You don't mention music as an interest (certainly as "yuppies with an island/hippie twist", you enjoy music?), but if you want a break from house hunting and such you picked the perfect weekend to visit and catch Dave Alvin and (some) Guilty Women at The Stage Door downtown. Mpre hippie (Rockabilly) than island music, but still entertaining.

There are quite a few good music venues in Charlotte and most national acts, big and small, find their way to most of them. Regional and local acts are plentiful. I say that as an envious South Carolinian who often drives an hour and a half to Charlotte to see good music (Dave Alvin being a favorite).
posted by ourroute at 7:39 PM on February 22, 2010

Be prepared for lots of religion and lots of conservativism. If that isn't your thing, you may want to look elsewhere. I'm a liberal atheist who grew up in Charlotte, and it was quite difficult to be different in those respects. The city definitely has a "small town" feel, and what church you go to is a big deal in the suburbs.

The closer you live to uptown, the better; there are lots more hip, interesting to do in the older neighbourhoods like Dilworth, East Blvd, Elizabeth, and even Myers Park (where I'm from).

There are quite a few good music venues in Charlotte and most national acts, big and small, find their way to most of them. Regional and local acts are plentiful. I say that as an envious South Carolinian who often drives an hour and a half to Charlotte to see good music (Dave Alvin being a favorite).

IMO Charlotte doesn't have a good music scene. Most Charlotte natives go to the Chapel Hill/Raleigh area.
posted by canadia at 9:18 PM on February 22, 2010

Just a note on Davidson- it's sort of an island of liberalism in the middle of everything else up there because of the college, which also supplies an endless list of neat things to do - for example, when I was in school there, the Royal Shakespeare Company did a residency. So even if you *don't* end up in Davidson - and it can be expensive, but 250K is expensive to me, so what do I know - at least keep it in mind for stuff that you can't or won't get in Charlotte proper.

Lake Norman, IMHO, is painfully burbsy, but I do love Harris Teeter.
posted by Medieval Maven at 7:12 AM on February 23, 2010

Huntersville, Davidson and the Lake Norman area are all lovely. The Concord/Harrisburg/University areas have an older feel and are probably not what you are looking for (not to mention horrible race weekend traffic), but the areas in between the interstates and to the north of Charlotte are full of very nice subdivisions and little communities. I also lived in Union County for a while. Avoid Monroe, but to the north along 485, there are lovely pockets of homes here and there with grocery stores and necessities nestled in among them. The Matthews area is hit and miss. I liked the looks of the Pineville area when I drove through.
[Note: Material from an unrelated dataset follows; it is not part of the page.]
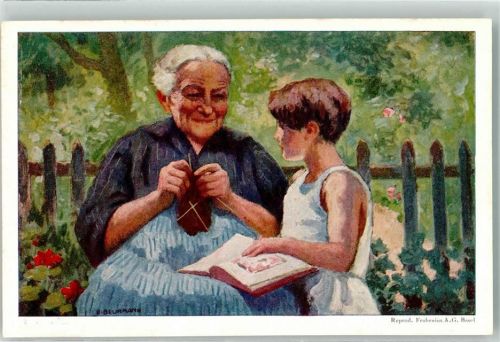 Flugpost Bundesfeier 1928 für das Alter sign. E. Beurmann Bundesfeier Ganzsachen Schweiz Künstlerkarte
My advice? Grab a real estate guide and get a car and drive, drive, drive. Charlotte is pretty straightforward - either an area is nice/what you are looking for, or not.

While Charlotte itself may not have a "personality," per se, it is very convenient in that it is three hours from the mountains and four hours from the beach. I had a blast making little mini trips every other weekend. Even wandering around Charlotte and exploring used bookstores, antique stores and museums made for a good time. I miss it.
posted by bristolcat at 10:04 AM on February 23, 2010

Another vote for Dilworth -- friends live there, and if I wanted a great suburban lifestyle that's the kind of place I'd choose -- quiet, wide streets, big trees; but to go anywhere for shopping, culture & etc you must drive.